══ EXERCISE MATERIALS ══

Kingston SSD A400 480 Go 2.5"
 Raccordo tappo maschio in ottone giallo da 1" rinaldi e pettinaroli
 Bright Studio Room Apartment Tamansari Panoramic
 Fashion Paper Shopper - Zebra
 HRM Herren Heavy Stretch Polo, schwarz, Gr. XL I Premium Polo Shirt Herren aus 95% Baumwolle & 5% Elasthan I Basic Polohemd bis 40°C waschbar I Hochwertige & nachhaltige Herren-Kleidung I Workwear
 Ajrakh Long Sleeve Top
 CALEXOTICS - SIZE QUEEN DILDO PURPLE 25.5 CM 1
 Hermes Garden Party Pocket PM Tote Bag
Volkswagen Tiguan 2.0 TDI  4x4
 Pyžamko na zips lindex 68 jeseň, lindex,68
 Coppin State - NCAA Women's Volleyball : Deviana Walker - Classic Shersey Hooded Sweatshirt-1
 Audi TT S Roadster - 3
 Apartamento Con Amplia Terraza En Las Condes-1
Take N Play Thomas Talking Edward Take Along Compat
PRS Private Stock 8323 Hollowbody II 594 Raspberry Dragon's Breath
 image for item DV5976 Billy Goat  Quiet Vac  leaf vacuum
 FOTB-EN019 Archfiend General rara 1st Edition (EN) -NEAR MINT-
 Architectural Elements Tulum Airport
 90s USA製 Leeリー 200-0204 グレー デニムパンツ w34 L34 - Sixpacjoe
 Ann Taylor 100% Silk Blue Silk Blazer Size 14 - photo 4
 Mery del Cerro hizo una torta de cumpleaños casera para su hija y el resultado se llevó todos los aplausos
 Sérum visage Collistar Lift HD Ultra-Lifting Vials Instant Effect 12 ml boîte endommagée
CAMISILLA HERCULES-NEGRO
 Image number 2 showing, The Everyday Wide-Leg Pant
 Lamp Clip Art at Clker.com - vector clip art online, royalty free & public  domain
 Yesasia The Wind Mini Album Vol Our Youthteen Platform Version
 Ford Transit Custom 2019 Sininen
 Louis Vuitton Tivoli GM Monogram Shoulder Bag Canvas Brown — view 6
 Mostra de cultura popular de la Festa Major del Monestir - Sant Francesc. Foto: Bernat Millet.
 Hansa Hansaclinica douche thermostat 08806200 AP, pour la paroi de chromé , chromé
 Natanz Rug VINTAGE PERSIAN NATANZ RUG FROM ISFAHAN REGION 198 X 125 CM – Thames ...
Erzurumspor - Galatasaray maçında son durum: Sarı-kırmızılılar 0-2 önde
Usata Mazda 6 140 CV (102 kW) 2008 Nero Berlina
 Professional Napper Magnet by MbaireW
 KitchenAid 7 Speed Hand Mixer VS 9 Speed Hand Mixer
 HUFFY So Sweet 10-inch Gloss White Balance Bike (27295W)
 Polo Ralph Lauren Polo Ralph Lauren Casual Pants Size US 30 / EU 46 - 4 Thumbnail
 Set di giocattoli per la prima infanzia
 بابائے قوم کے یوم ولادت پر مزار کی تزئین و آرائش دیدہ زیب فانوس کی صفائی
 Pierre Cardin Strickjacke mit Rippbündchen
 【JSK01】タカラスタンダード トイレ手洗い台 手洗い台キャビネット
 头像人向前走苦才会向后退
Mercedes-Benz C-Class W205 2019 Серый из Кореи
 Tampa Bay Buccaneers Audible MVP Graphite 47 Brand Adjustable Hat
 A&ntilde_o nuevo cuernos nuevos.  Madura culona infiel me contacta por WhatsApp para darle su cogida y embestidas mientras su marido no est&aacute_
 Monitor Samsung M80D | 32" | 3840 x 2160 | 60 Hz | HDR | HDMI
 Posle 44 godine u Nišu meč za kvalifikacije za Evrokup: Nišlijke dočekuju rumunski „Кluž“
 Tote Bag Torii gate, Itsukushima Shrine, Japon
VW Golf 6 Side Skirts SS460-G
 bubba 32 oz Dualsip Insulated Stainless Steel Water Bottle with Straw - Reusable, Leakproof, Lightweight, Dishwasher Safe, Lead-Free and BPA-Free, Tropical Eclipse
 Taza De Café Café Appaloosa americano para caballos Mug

═══

WHAT YOU HAVE TO DO -
Return a copy of each line in the records above that has "para" in it.

RESULT FOR THIS TASK -
 Mery del Cerro hizo una torta de cumpleaños casera para su hija y el resultado se llevó todos los aplausos
 A&ntilde_o nuevo cuernos nuevos.  Madura culona infiel me contacta por WhatsApp para darle su cogida y embestidas mientras su marido no est&aacute_
 Taza De Café Café Appaloosa americano para caballos Mug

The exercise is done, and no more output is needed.